*** Block opens ***

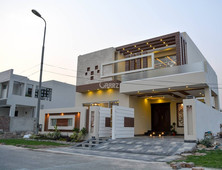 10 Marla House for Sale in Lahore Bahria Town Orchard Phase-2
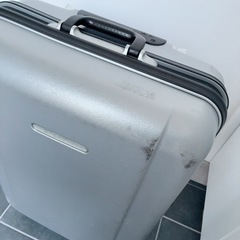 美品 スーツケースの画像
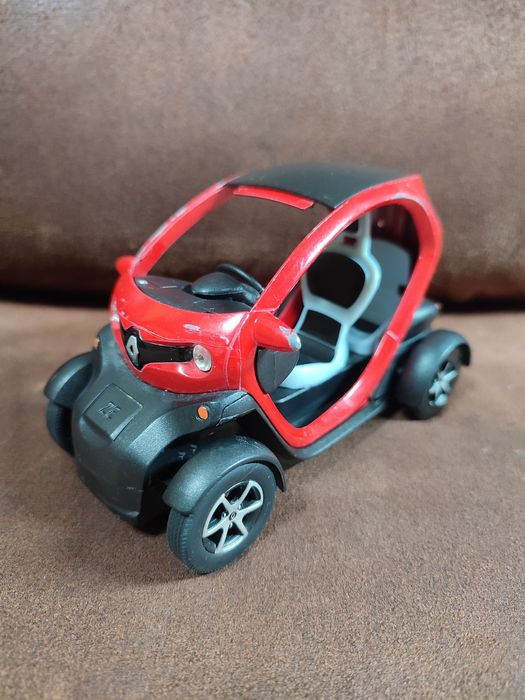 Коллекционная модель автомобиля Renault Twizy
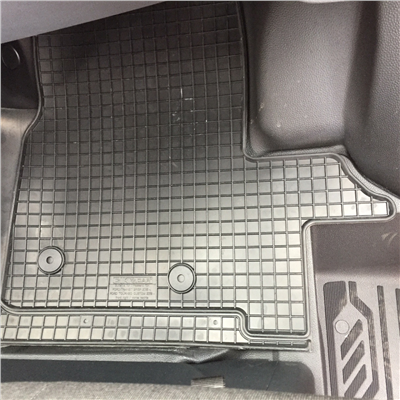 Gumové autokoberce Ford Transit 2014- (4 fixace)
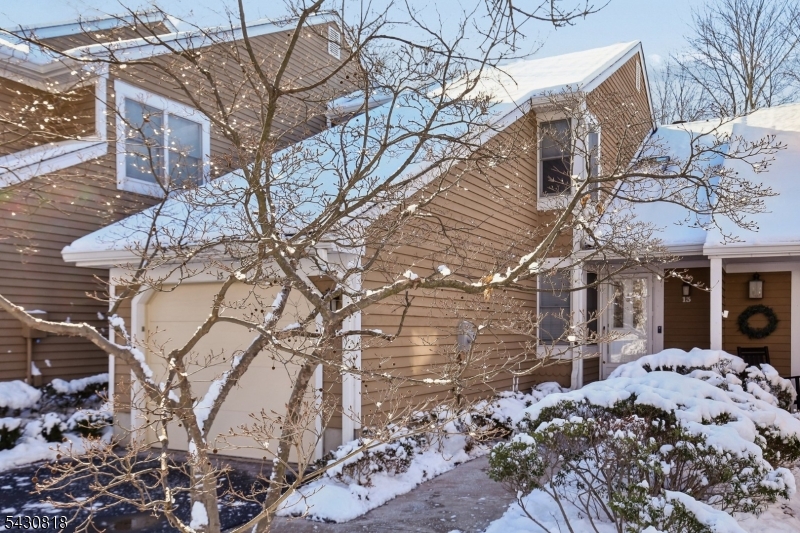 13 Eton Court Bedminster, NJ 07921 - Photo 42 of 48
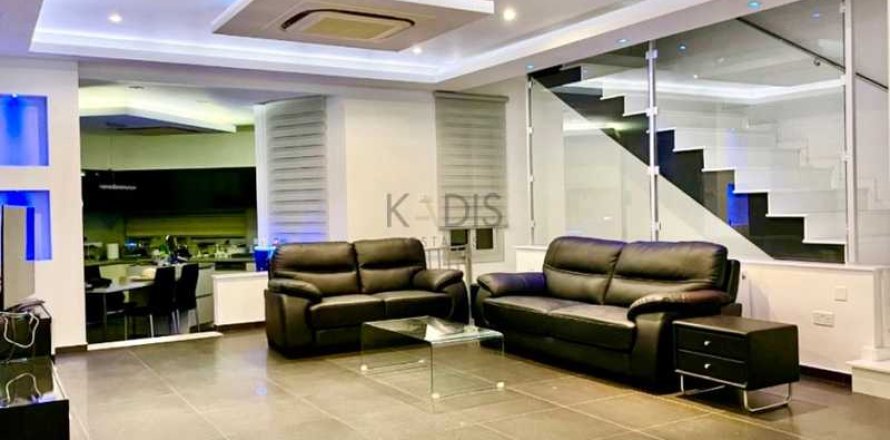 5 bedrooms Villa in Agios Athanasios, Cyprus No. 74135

*** Block closes ***
*** Block opens ***

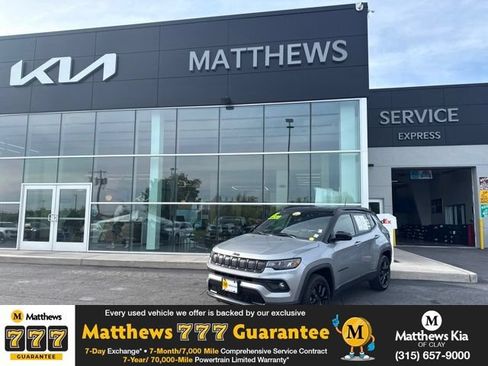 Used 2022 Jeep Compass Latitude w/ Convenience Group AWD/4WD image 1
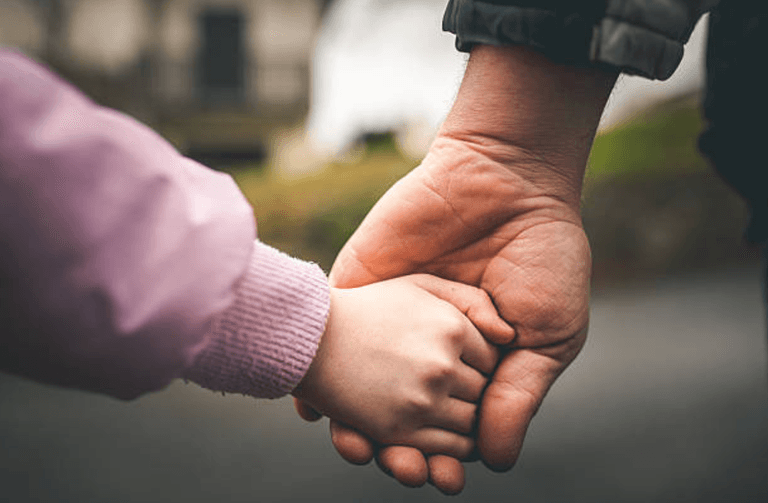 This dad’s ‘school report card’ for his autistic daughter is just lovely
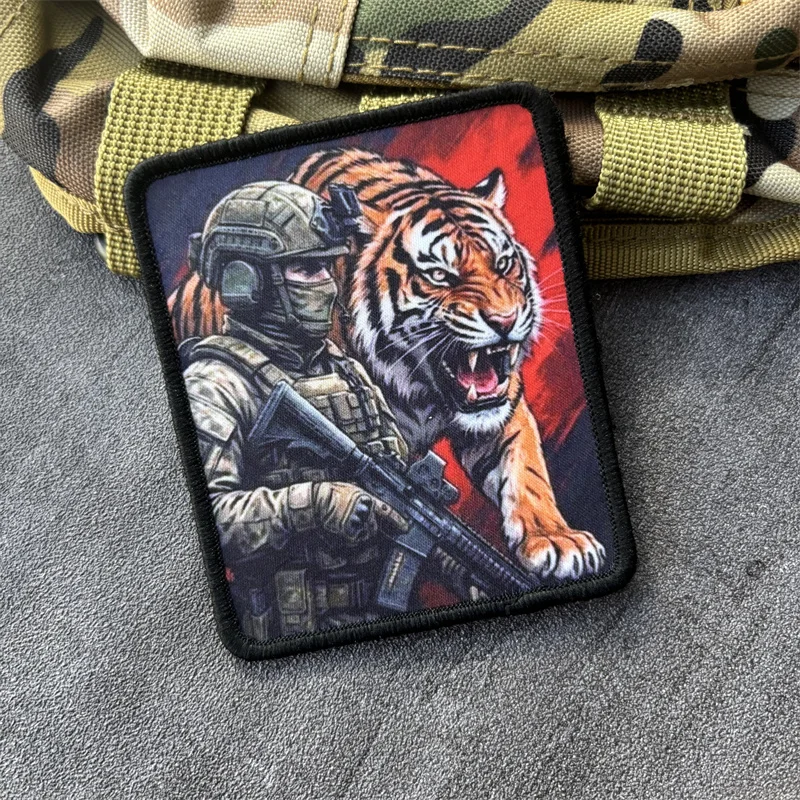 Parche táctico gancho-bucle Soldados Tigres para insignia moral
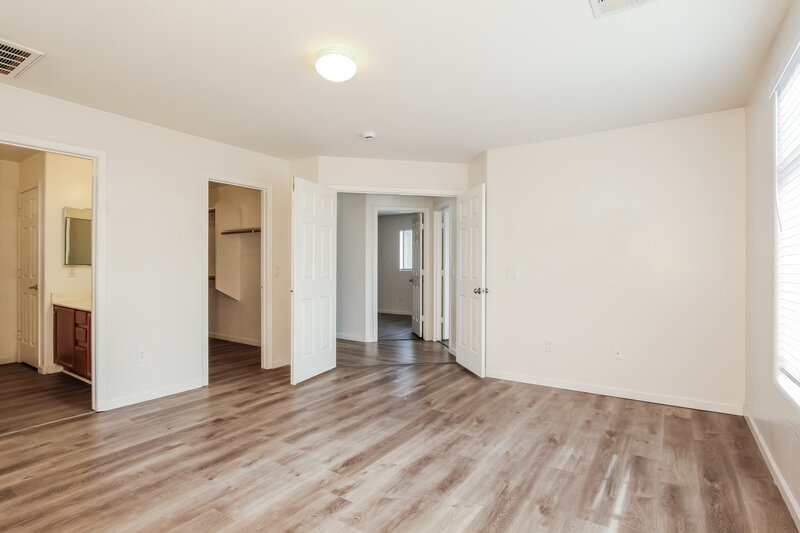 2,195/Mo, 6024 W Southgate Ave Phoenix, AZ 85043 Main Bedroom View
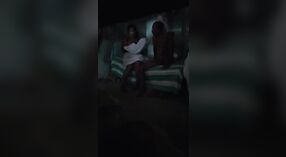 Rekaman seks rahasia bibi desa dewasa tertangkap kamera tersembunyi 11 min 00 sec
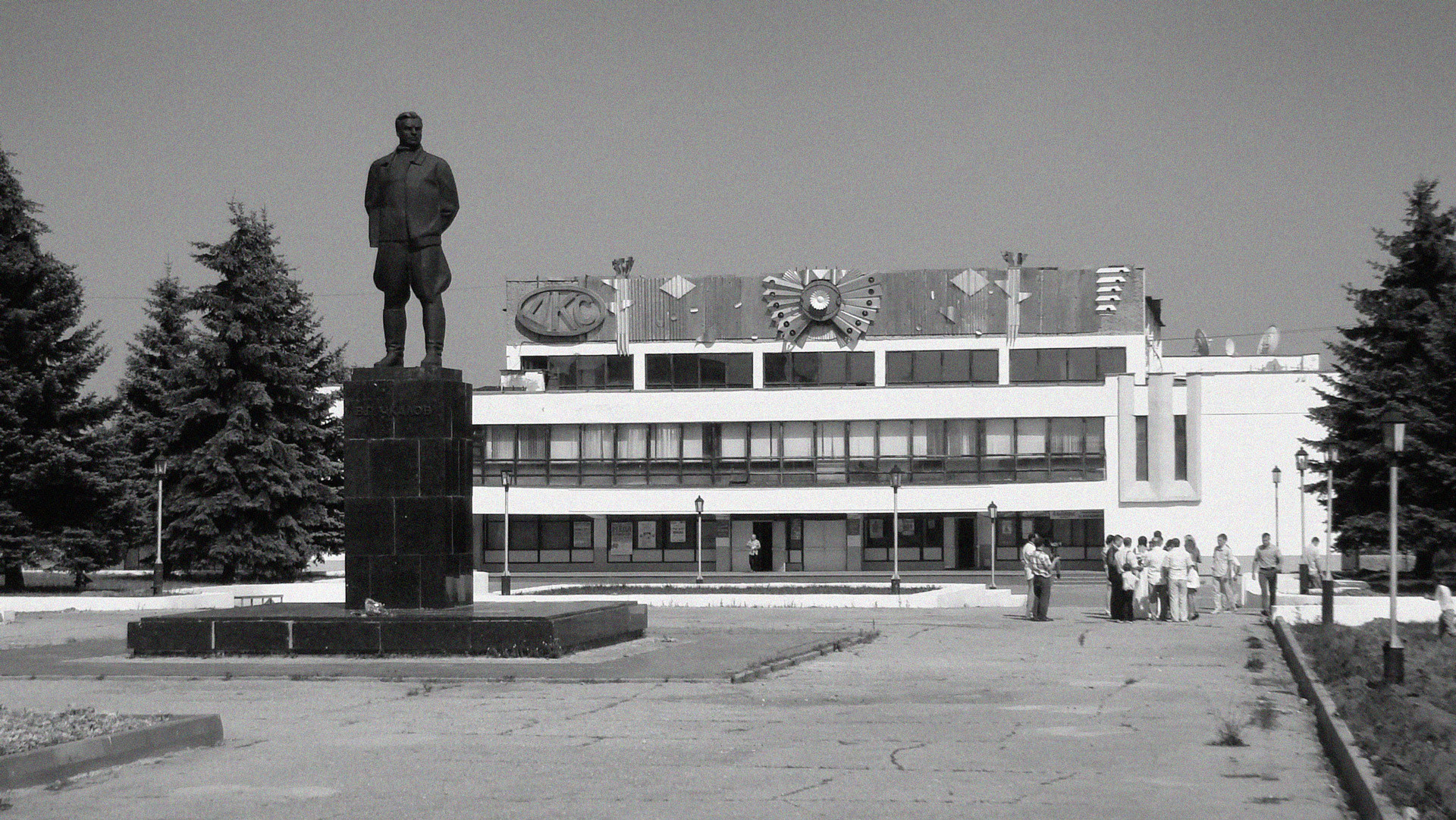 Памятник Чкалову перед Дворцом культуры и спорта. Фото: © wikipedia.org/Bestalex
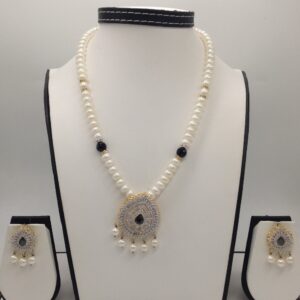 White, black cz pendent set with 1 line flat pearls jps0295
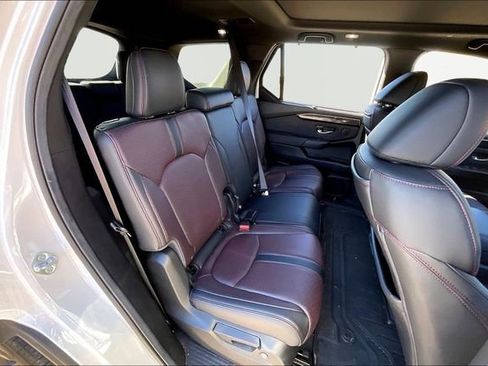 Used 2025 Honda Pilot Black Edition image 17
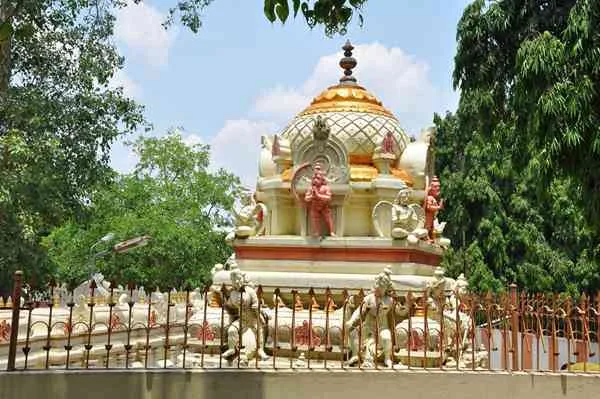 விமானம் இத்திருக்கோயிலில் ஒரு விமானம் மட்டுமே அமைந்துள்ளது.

*** Block closes ***
*** Block opens ***

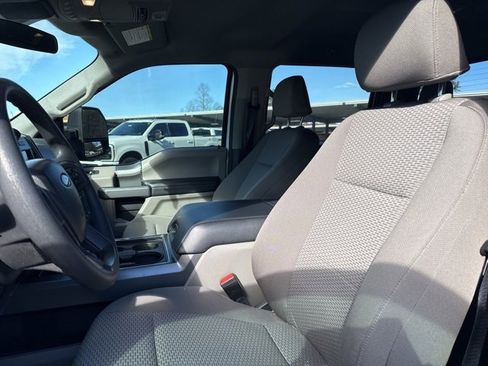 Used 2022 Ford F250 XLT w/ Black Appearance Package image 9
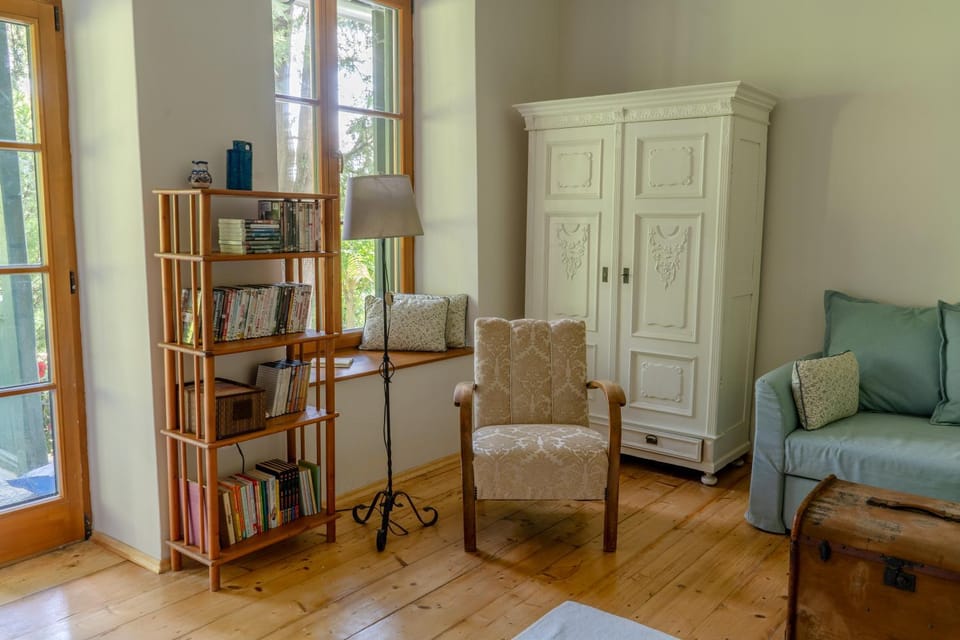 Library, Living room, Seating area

*** Block closes ***

§ **Problem**
Give back exactly the lines above that run from the one with "10 Marla House" to the one with "5 bedrooms Villa", including both, with the pictures left out.

§ **Answer box**
 10 Marla House for Sale in Lahore Bahria Town Orchard Phase-2
 美品 スーツケースの画像
 Коллекционная модель автомобиля Renault Twizy
 Gumové autokoberce Ford Transit 2014- (4 fixace)
 13 Eton Court Bedminster, NJ 07921 - Photo 42 of 48
 5 bedrooms Villa in Agios Athanasios, Cyprus No. 74135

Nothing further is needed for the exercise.